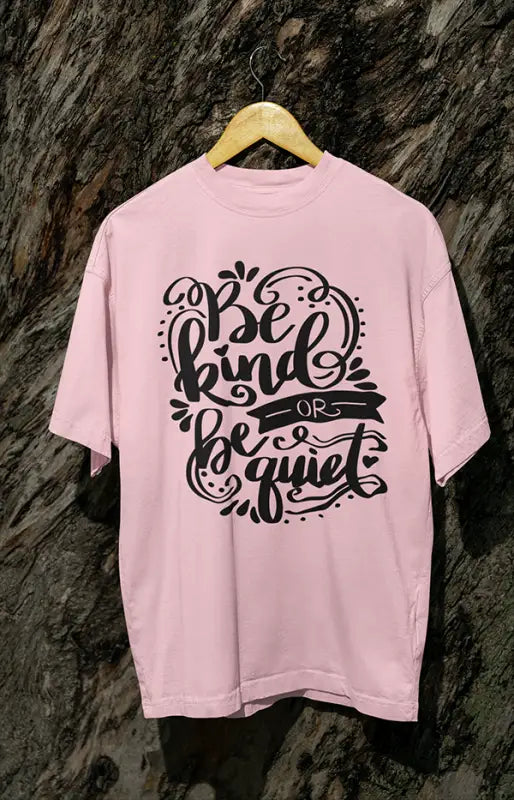 Womens Oversized Classic T-Shirt Be Kind - Light Baby Pink / XS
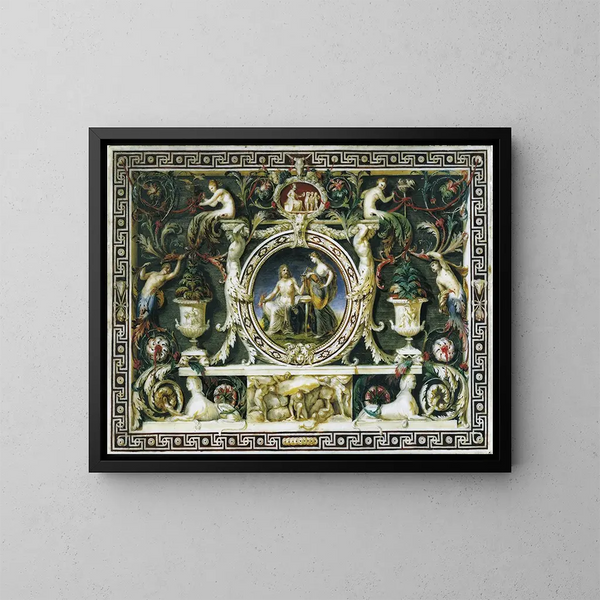 Jupiter en Hébé - Ignaz Unterberger — ingelijst kunstwerk aan de muur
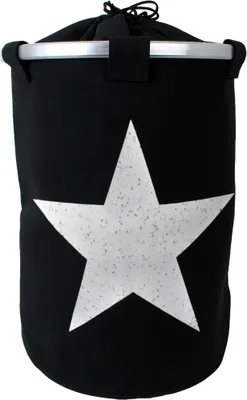 A black laundry basket with a white star design.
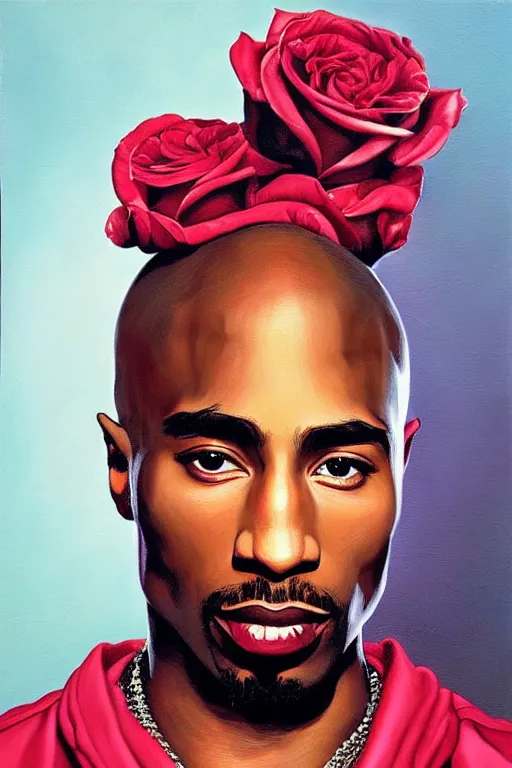 Prompt: Tupac, portrait by Kehinde Wiley!!, roses, artgerm, loish, oil painting,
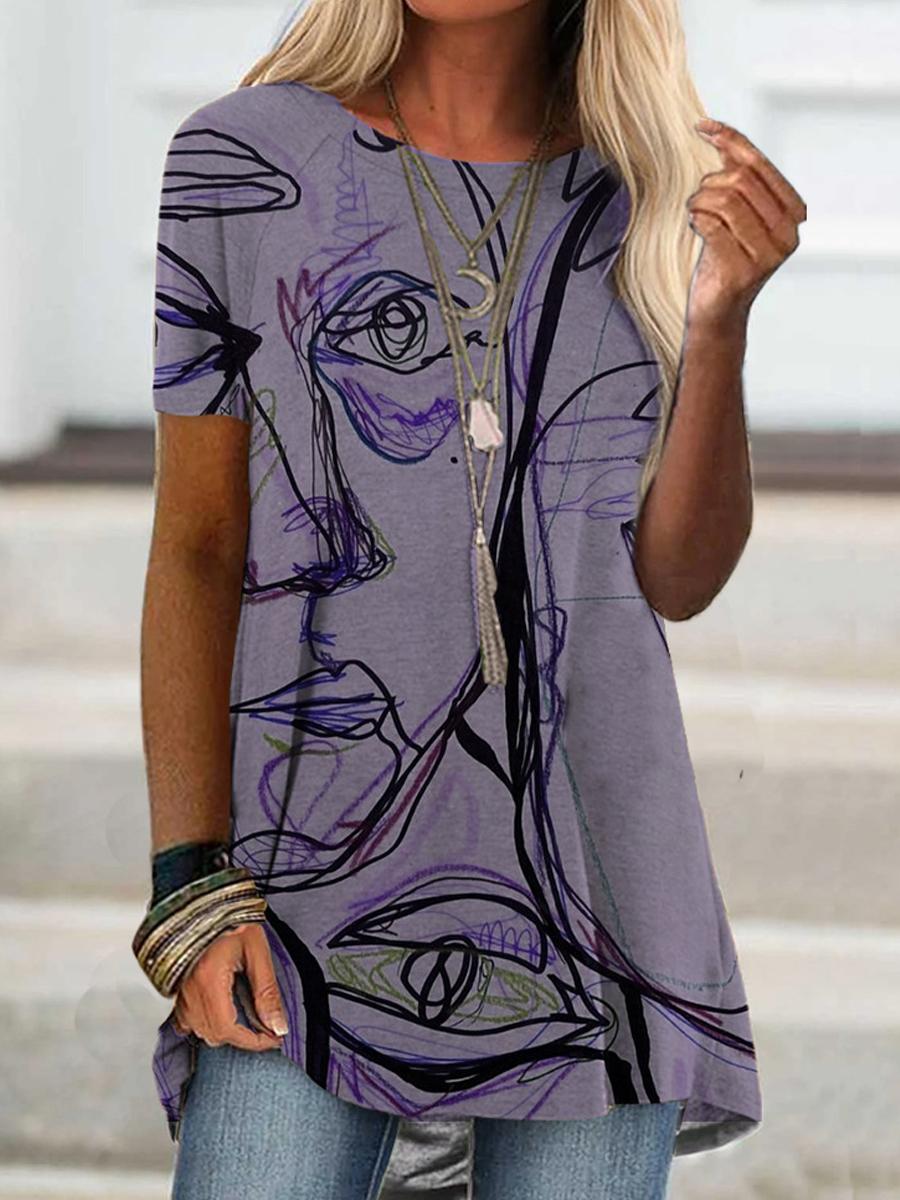 Fashion Abstract Print Round Neck T-shirt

++++++++

▶ WORK TASK: The copy should hold exactly the lines from the line containing "A black laundry" through the last line of the records, both included, and no pictures or other lines.

▶ ANSWER FOR THE TASK:
 A black laundry basket with a white star design.
 Prompt: Tupac, portrait by Kehinde Wiley!!, roses, artgerm, loish, oil painting,
 Fashion Abstract Print Round Neck T-shirt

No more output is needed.